Return only the lines from the top of the data down to the one that holds "Bí thư Đảng", both included, without any pictures.

[Short web captions]
------

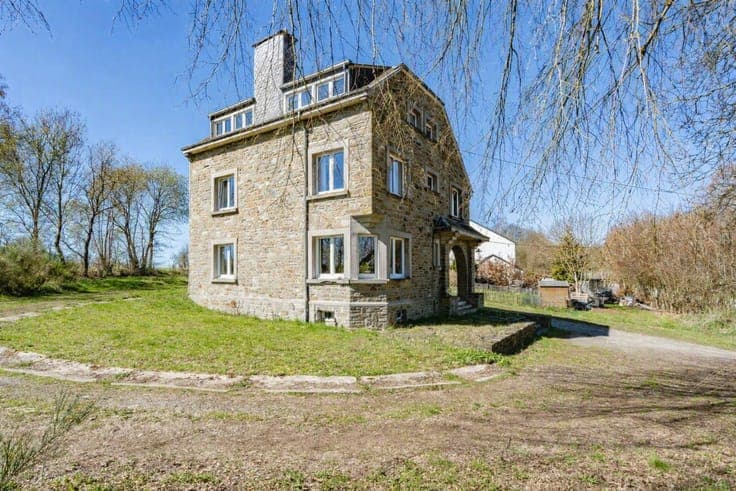 7-bedroom house + additional building plot – Houffalize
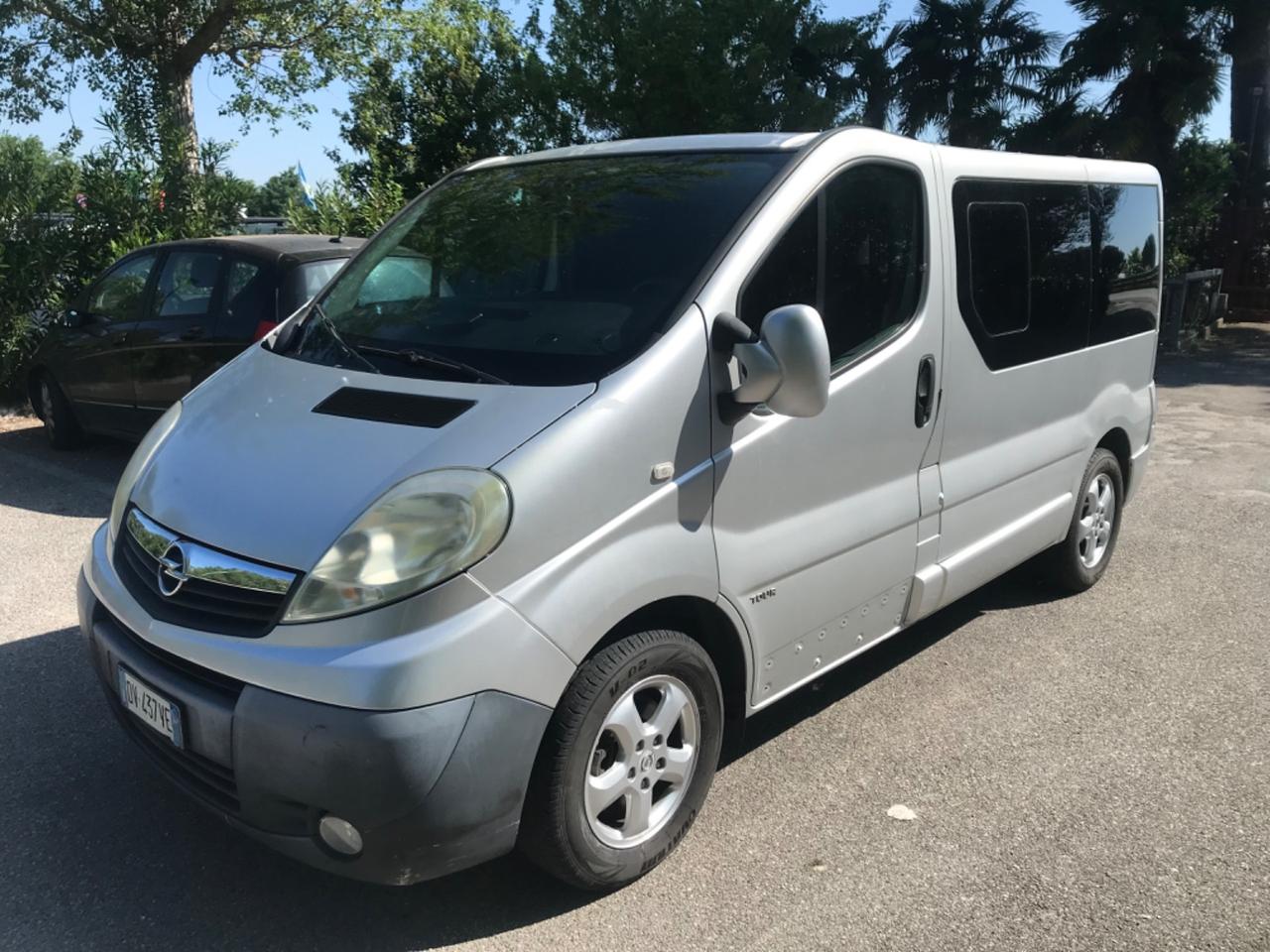 Opel Vivaro 29 2.5 CDTI PL-TA Furgone Vetrato Easytronic Fap 8 POSTI Gancio Traino
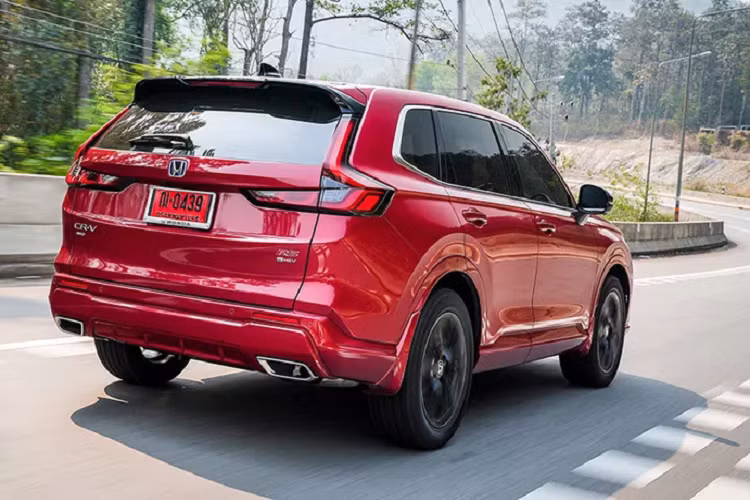 Honda CR-V 2023 tại Việt Nam dự kiến sẽ ra mắt trong Quý III/2023 này. Mẫu xe này thậm chí đã đăng ký bảo hộ kiểu dáng công nghiệp với cả 2 loại động cơ là 1.5L Turbo và hybrid.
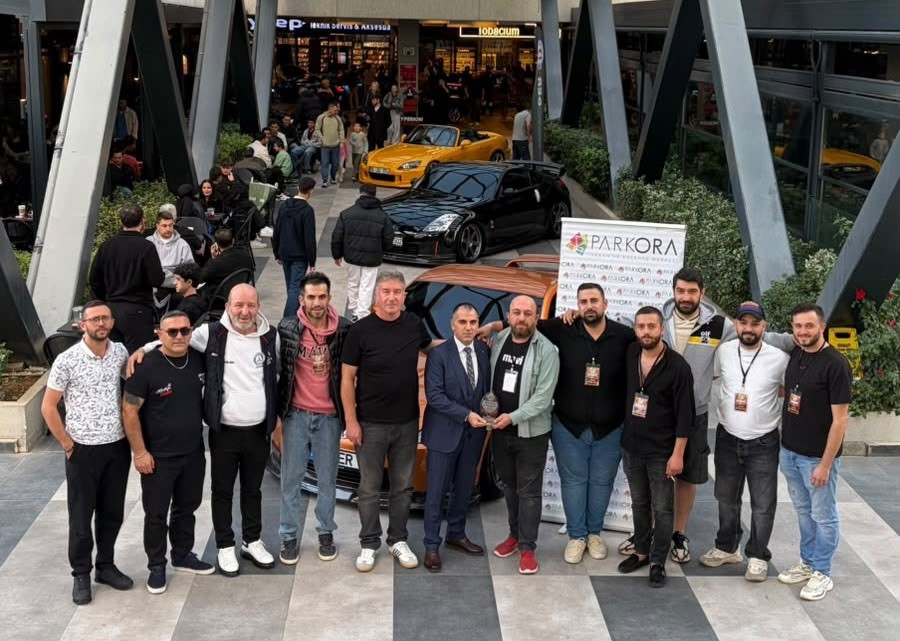 Bursa’da modifiye araçlar görücüye çıktı: “Modifiye suç değil, yaşam tarzımızdır” Bursa Motor Sporları Yardımlaşma Derneği (BURMOS DER), 24 Ekim 2026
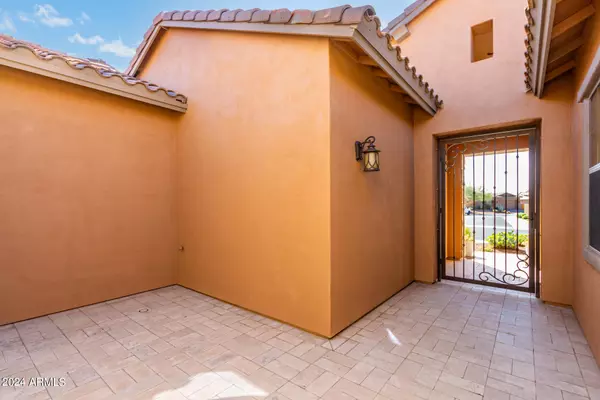 Cave Creek, AZ 85331,5324 E BARWICK Drive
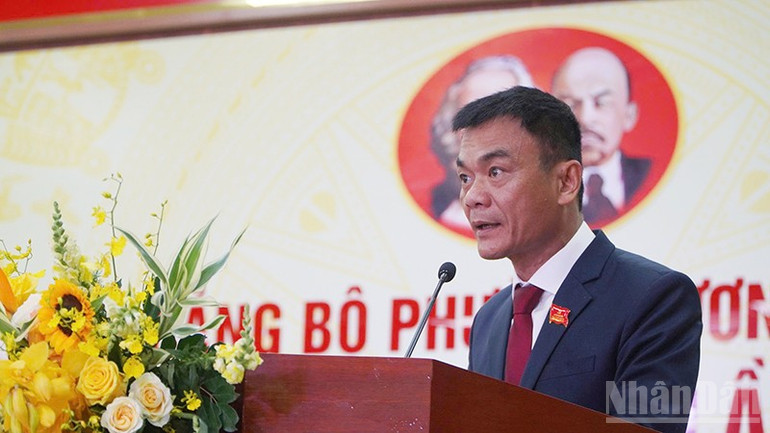Bí thư Đảng ủy phường Hương Trà Phạm Hoàng Đức phát biểu. ndo_br_3.jpg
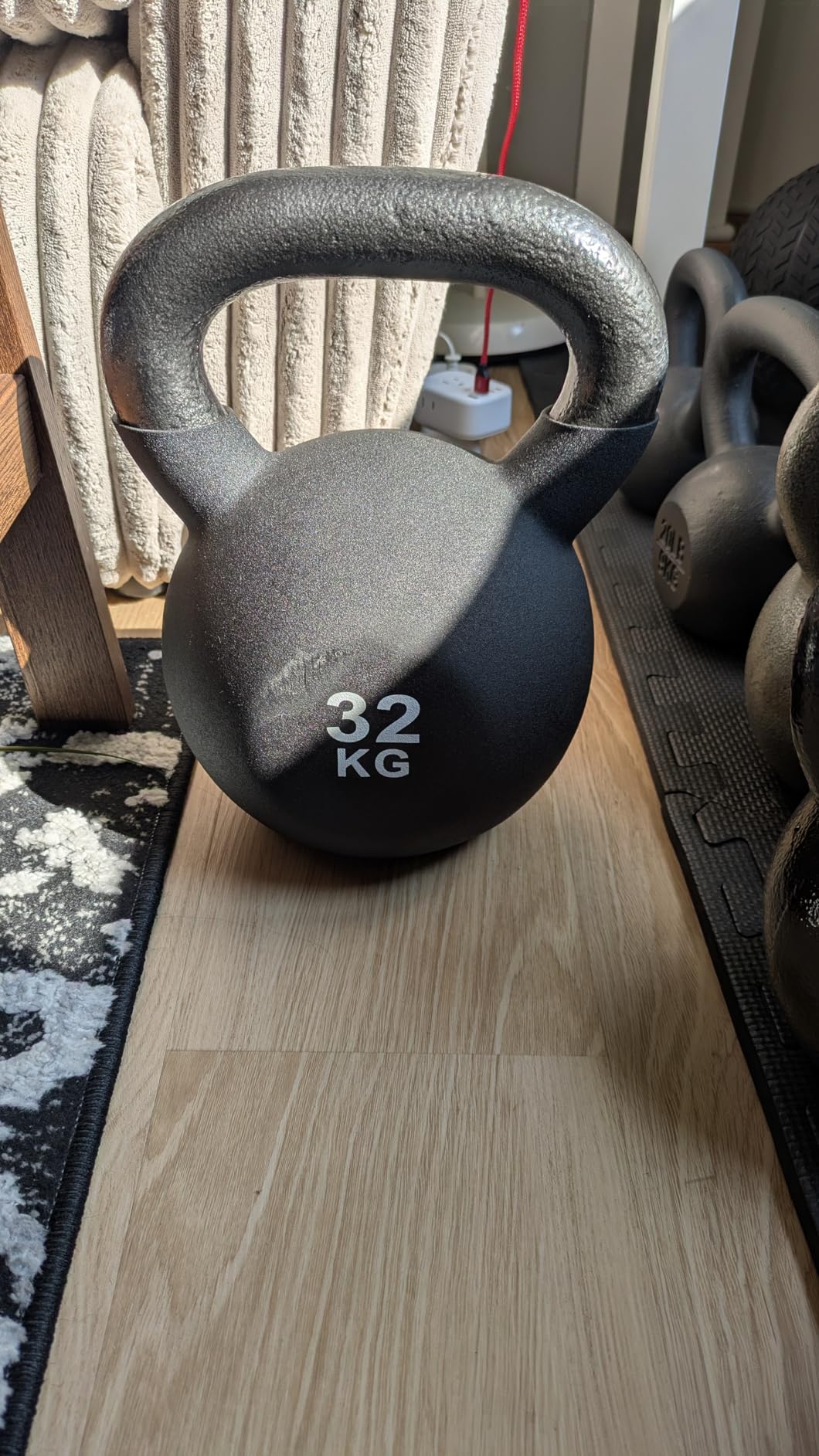 Sport-Tec Kettlebell 32 kg schwarz Gusseisen Vinyl Kugelhantel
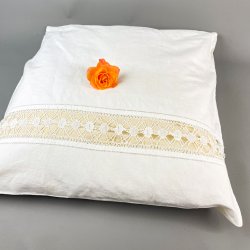 Hvidt vintage pudebetrk med mellemvrk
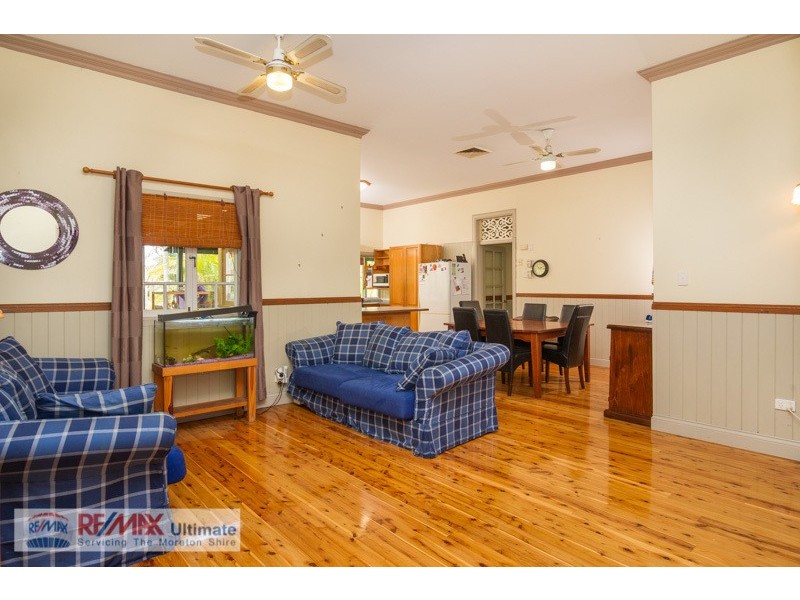 25 Bellay Road, Beachmere QLD 4510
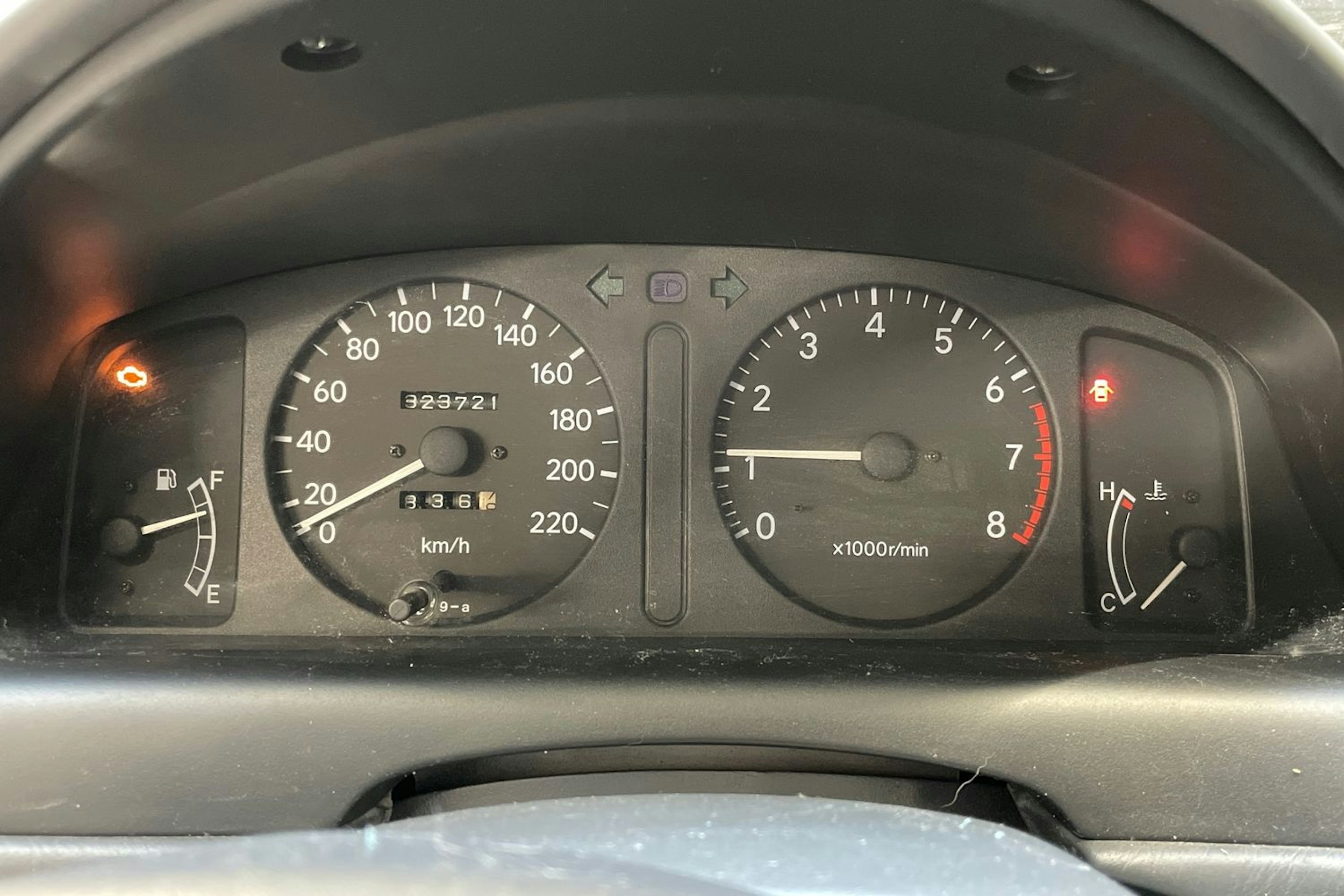 punainen Toyota Corolla 2000 kuva 12.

------

• Solution
 7-bedroom house + additional building plot – Houffalize
 Opel Vivaro 29 2.5 CDTI PL-TA Furgone Vetrato Easytronic Fap 8 POSTI Gancio Traino
 Honda CR-V 2023 tại Việt Nam dự kiến sẽ ra mắt trong Quý III/2023 này. Mẫu xe này thậm chí đã đăng ký bảo hộ kiểu dáng công nghiệp với cả 2 loại động cơ là 1.5L Turbo và hybrid.
 Bursa’da modifiye araçlar görücüye çıktı: “Modifiye suç değil, yaşam tarzımızdır” Bursa Motor Sporları Yardımlaşma Derneği (BURMOS DER), 24 Ekim 2026
 Cave Creek, AZ 85331,5324 E BARWICK Drive
Bí thư Đảng ủy phường Hương Trà Phạm Hoàng Đức phát biểu. ndo_br_3.jpg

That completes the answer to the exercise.